In 1767 the Carpenters Company, a City of London livery company, purchased a 63-acre farm estate in the parish of West Ham near Stratford, as a revenue investment.
Many of London’s factories, including the Yardley Box Factory, were built on the canals of the River Lea, the Great Eastern Railway and Carpenters Road in the following decades.
To house the workers for these factories, the Company of Carpenters built rows of Victorian terraced houses between Carpenters Road and the neighbouring town centre of Stratford.
The Company of Carpenters made efforts to improve the lives of the area’s employees and residents, including the creation of a school and a social club.
The Rebuilding of Carpenters Estate
During the Second World War Stratford was a frequent target for air raids, and by the end of the war much of the original Carpenters Estate housing had been destroyed or was badly damaged.
The present estate was built in 1967, combining low rise housing, maisonettes and three tower blocks: Lund Point in 1967, Dennison Point in 1967 and James Riley Point in 1969.
The area has since undergone massive changes from the construction of the Olympic site, Queen Elizabeth Olympic Park and Stratford City E20 development and there have been similar plans to regenerate Carpenters Estate.
Since 2003 residents on the Carpenters Estate have faced uncertainty about their homes. The repeated plans to regenerate the estate have fallen through and two thirds of the residents have been relocated. Some to return; some not. The history of the estate over the last 17 years is complex and still unresolved. Newham Council is currently in the process of consultation and engagement with residents which will inform the Carpenters Estate redevelopment options.

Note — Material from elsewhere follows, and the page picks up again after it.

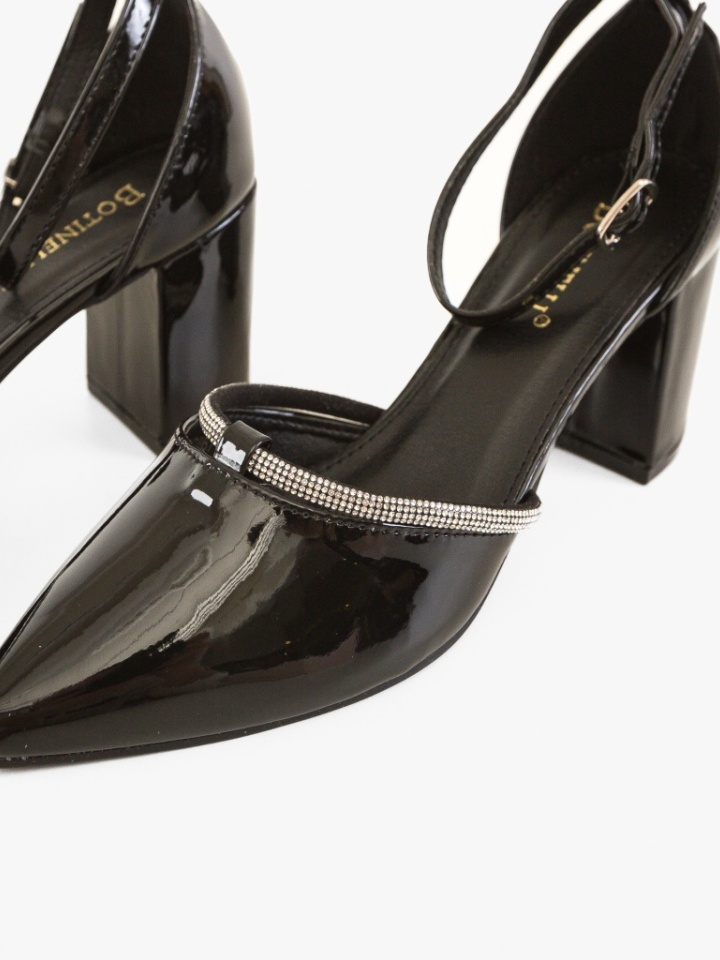 Scarpe da donna Nere Lynes - Img 6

27 flats out of a total of 430 across the three tower blocks are currently occupied.
Tee Fabikun has lived in Lund Point for 20 years.
She is the ex chair of Carpenters tenant managed association and Carpenters Café and Community Hub Food bank manager.
“The people are the community, there is always someone to look out for you.”
“The estate hasn’t changed basically… we’re in the middle of a concrete city. We had lots of open spaces, now every little piece of open space, they want to build on. It’s not going outwards it’s going upwards.”
June Benn – current resident of Dennison Point since 1971
‘We are a little bit like an island in as much as we’re separated from the rest of Newham by the high street and the railway, but that might be one of the reasons why we’ve got such a good community spirit. This estate is well worth preserving.’